篠田節子「インドクリスタル」の登場人物
篠田節子著「インドクリスタル」は、2014年12月に角川書店から発売された長編小説。
全541ページ。
初出は「小説 野性時代」2012年1月号~2014年4月号。
分厚い本だし、読み終えるまでに時間がかかりそう、と気合を入れて読み始めました。
しかし、読み出したらあっという間に読み終えてしまいました。とっても面白かったのでご紹介。
では、主な登場人物の紹介から。
藤岡 「山峡ドルジェ」の社長。主人公。
徳永 「狭間通信科学」の社員。藤岡の元同僚。
藤岡勝弘 「山峡ドルジェ」の会長。
寺島 「山峡ドルジェ」の製造部長。
藤岡頼子 藤岡の妻。
藤岡若葉 藤岡の娘。大学3年生。
司 飲み屋・カレー屋のマスター。
ロサ インドの少女。
サミル・ナヤル 水晶屋の店主。
アシシュ・チョードリー 採掘会社の社長。
カメシュワール 地主の老人。
ジョン・ドナヒュー NGO「サンガ・リサーチ」のスタッフ。
クリシュナ・アイヤー NGO「サンガ・リサーチ」のスタッフ。
マンガル コドゥリ村の村長。
バゲル 芸術家・州議会議員。
ロケス コドゥリ村の住民。
篠田節子「インドクリスタル」のあらすじ
山梨県にある「山峡ドルジェ」は、精密機器の原料となる高品質の人口水晶を製造する企業で、その製造にはマザークリスタルとなる水晶が必要。
インドのクントゥーニというところでとれる水晶が条件にあうことがわかり、獲得に乗り出す。
取引先の会社に勤務する徳永(藤岡の元同僚)がインドに駐在しているため、彼の助けを借りながら取引をはじめようとするのだがー。
篠田節子「インドクリスタル」の感想
全編、主人公の藤岡の視点から描かれています。
零細ながらも人口水晶の製造では先を行く会社、「山峡ドルジェ」婿養子に入った藤岡。
社長とはいえ、実権は会長である義父が握っているという微妙な立場にあります。
一方で底知れぬ野心も持ち合わせていて、というのが面白かったです。
この物語のもう一人の主人公、といってもいいくらいの存在感を放つのが、ロサという少女です。ホテルの使用人であり、性接待の相手もさせられているという立場。藤岡は、救い出そうと手を差しのべます。
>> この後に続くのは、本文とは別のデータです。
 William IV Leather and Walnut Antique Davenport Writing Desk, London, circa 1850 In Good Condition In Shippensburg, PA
彼女の持つ、信じがたく並外れた能力には、ただただ驚くばかりです。記憶力もいいし、研ぎ澄まされた勘を持ち合わせているのです。
藤岡と出会ったことで、酷な生活を強いられていたロサの人生が変わり始めます。
少女だったロサが成長していく過程も描かれています。
(時が少しずつ流れていくお話なので、大学生だった藤岡の娘も就職しますし、徳永の拠点も変わります。)
インドという国が抱える貧困等の問題や課題が盛り込まれていて、苦しくなる場面も多々ありました。暴力が、ひどすぎて。
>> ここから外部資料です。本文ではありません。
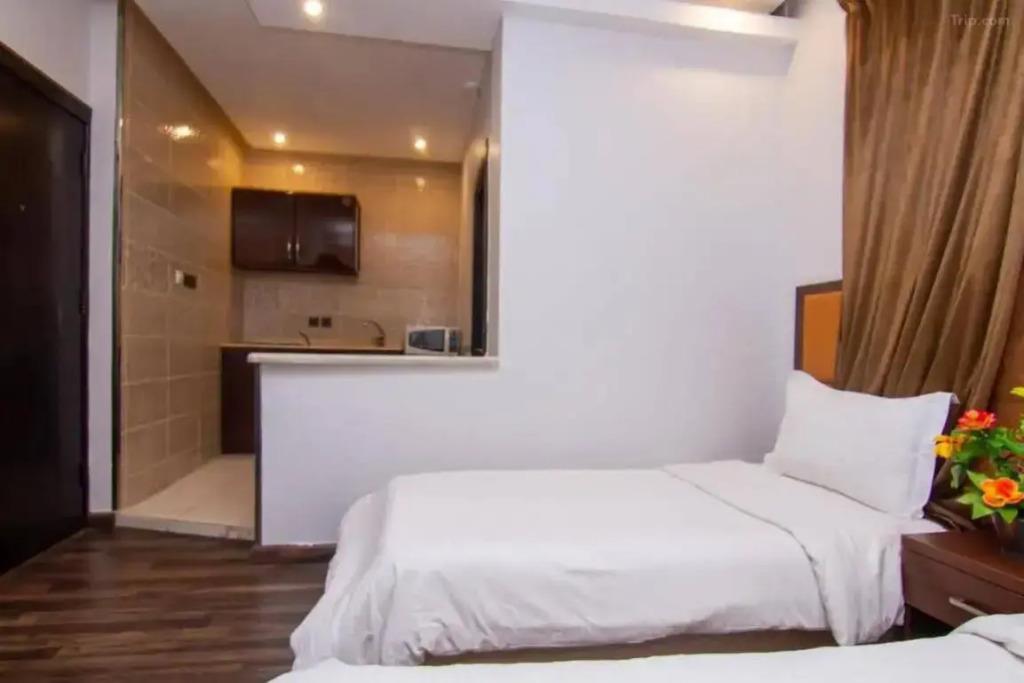Al Muteb Suites Al Ezdehar 2 0*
日本とはあまりにも文化や意識が違うので、実際に取引をする企業は、さぞ大変な思いをしているのでしょう。
現地で危険な生活を強いられている人々が多くいる、という事実も突き付けられました。
誘拐事件が起こり、はらはら。
主人公が命の危機にさらされるような場面に遭遇しては、ドキドキ。しかし、頁をめくらずにはいられません。
契約・交渉の場面では、ビジネスマンの損得勘定が見え隠れ。腹の探り合いがはじまります。
作中のSR(サンガ・リサーチ)という組織は、先住民の福祉と環境保護に尽力する団体。こうした団体の活動も描かれていて、取材が大変だっただろうなと感じました。
文化の違う民族と関わる仕事をする主人公、そして不思議な少女ロサの成長にも注目です。
まとめ
外国人(主にインド人)が多く登場するので、名前がなかなか頭に入ってこなかったのですが、ちゃんと物語のはじめに人物紹介が記されています。(親切!)
遅ればせながら、篠田さんの作品にドはまり中。
先日、某局の男性アナウンサーさんも、彼女の本は面白いんですよ!とラジオ番組内でおっしゃっているのを耳にし、嬉しくなりました。
さて、次はどの作品を読もうか。